Portrait – Mohammed Boujalal

Le chant des possibles

On l’a vu, discret derrière son oud, accompagner son fils Abdellah lors d’une poignante reprise de Ayoub Khalifi, pendant l’émission The voice. Un bayonnais qui chante en arabe sur TF1, c’est toujours classe. Et puis ça donne des nouvelles de la famille. C’est que Mohammed Boujalal a encore émigré. Depuis qu’il est devenu “un croque maïs”, il manque à la Zup et à la ville. Et c’est réciproque. Musicien, travailleur social, diplômé de littérature arabe, ce curieux de tout a “besoin de sa dose” de Bayonne. Et d’aller de l’avant, dans ces temps confinés qui ont raison du moral de pas mal d’optimistes.

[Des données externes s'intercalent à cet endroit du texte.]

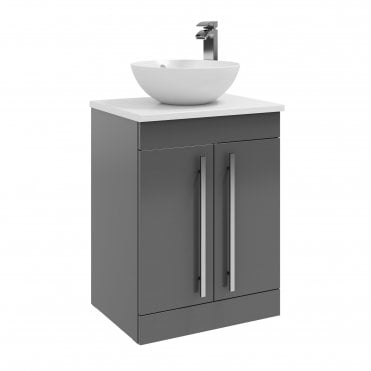 Purity 600mm Grey Gloss 2 Door Floor Standing Unit & Sit On Bowl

Concernant la musique, Mohammed le dit sans détour : “on est vraiment un groupe de malade !” Certes, cette manière d’appréhender la musique orientale avec le son occidental, de marier darbouka et batterie, oud et basse, fait du groupe Boujalal une référence montante du Pays Basque, secouant le public comme les apprentis filmeurs qui alimentent les réseaux sociaux d’images tremblantes.

Mais Mohammed compte plutôt les musiciens en berne, entre un bassiste qui rechute, un batteur abattu et lui même, valeureux joueur de oud, connu également pour ses adaptations de chants basques à la sauce orientale, qui a aujourd’hui le moral dans les chaussettes. En cause, bien sûr, ces temps qui interdisent les réunions entre amis comme les concerts. Mais aussi le boulot qui illustre cette période compliquée. Gardien de nuit depuis 17 ans en foyer d’accueil pour mineurs, Mohammed estime que les comportements changent depuis l’arrivée de mineurs non-accompagnés qui refusent les règles, vivent la nuit, deviennent violent et en tout cas ne satisfont plus Mohammed l’idéaliste, ou en tout cas celui qui pense être utile et s’efforce de bien faire. Un vrai tempérament, qui lui permettra sans doute de remonter la pente.

Car le jeune quinqua est un combattant qui retrouve déjà sa force de vie après avoir “stagné dans un petit confort” dit-il. A 52 ans, Mohammed reprend ses études pour passer son doctorat de littérature arabe. Après sa maîtrise, obtenue au Maroc, il a été aussi été chef d’entreprise, sans trop de convictions ni de réussite et a plutôt monté une structure de micro-crédit pour soutenir des projets de femmes et leur assurer une formation ainsi qu’une association de jeunes diplômés, chercheurs d’emploi.

Sous le règne d’Hassan II, c’était déjà un combat. La musique a été une autre lutte. Interdit d’approcher un instrument par l’autorité parentale, sur l’air bien connu de “musicien ce n’est pas une vie”, Mohammed a dû apprendre en cachette, fabriquant des instruments de fortune avec des bidons métalliques, des câbles ou harcelant les chevaux du souk pour leurs piquer leurs crins et finaliser un violon. De cette clandestinité musicale, il a gardé un goût pour les chansons engagées, celles interdites par le roi mais qui faisaient le bonheur des manifs. Avant que la pression policière et surtout familiale ne le fasse lâcher prise.

C’est finalement l’amour d’une boucalaise qui le propulsera en terre basque à l’âge de 33 ans, avec comme seconde satisfaction de pouvoir se mettre au oud sans importuner les animaux du quartier. C’est sur ce tempo que Mohammed a construit une vie bayonnaise bien pleine, que l’exil en terre landaise, à quelques kilomètres de l’Adour, ne pourra pas détourner.